Task brief> Begin at the line containing "Tag heuer white - strap, 22mm" in the data below and go on through the line containing "セットアップ 「2点セット」BEAMS HEART", repeating each line exactly; include both ends and no other line.

___ Available data ___

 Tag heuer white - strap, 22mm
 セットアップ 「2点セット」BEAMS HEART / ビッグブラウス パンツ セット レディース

___
___ Available data ___

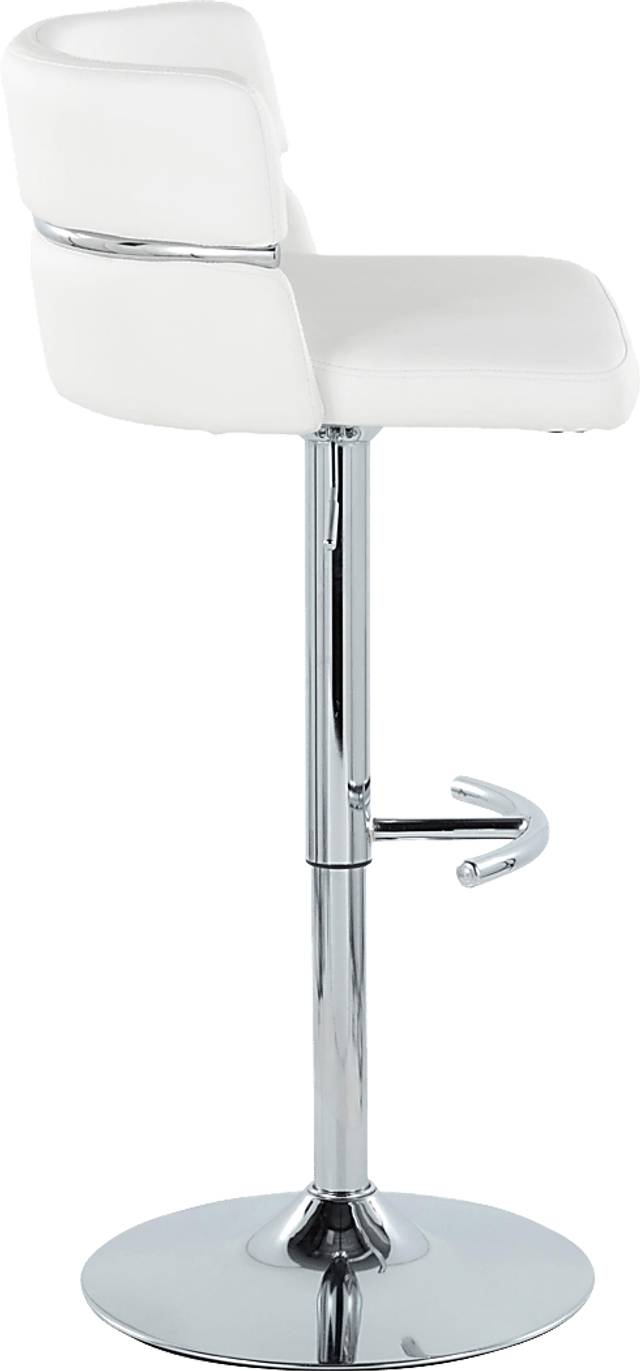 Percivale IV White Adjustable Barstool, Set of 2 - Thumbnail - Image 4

___
___ Available data ___

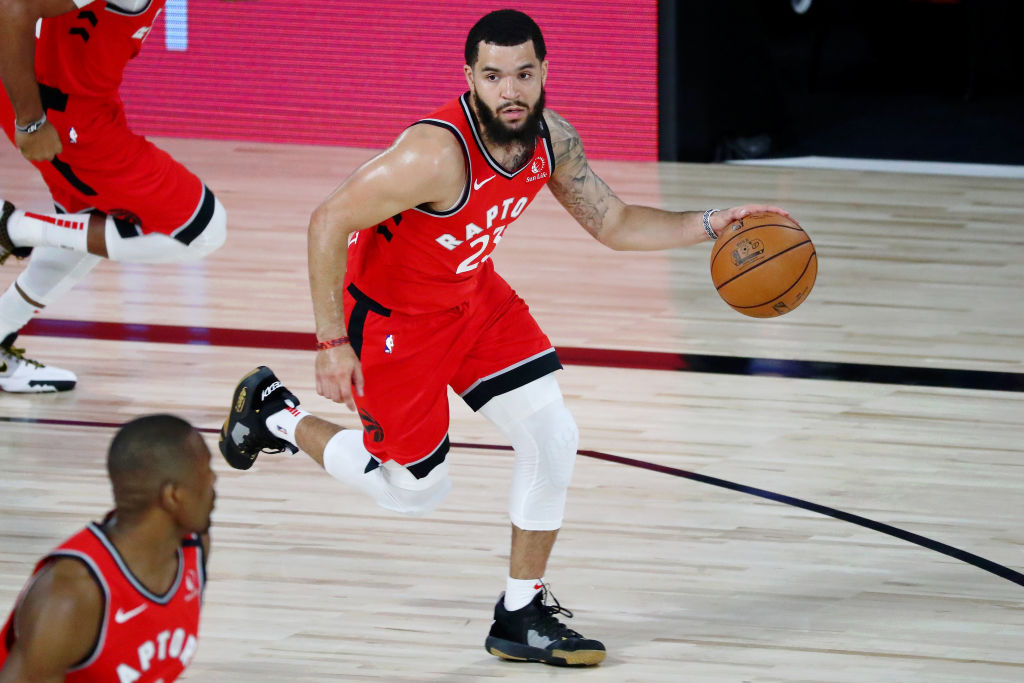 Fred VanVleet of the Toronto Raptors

___

Reply>
 Tag heuer white - strap, 22mm
 セットアップ 「2点セット」BEAMS HEART / ビッグブラウス パンツ セット レディース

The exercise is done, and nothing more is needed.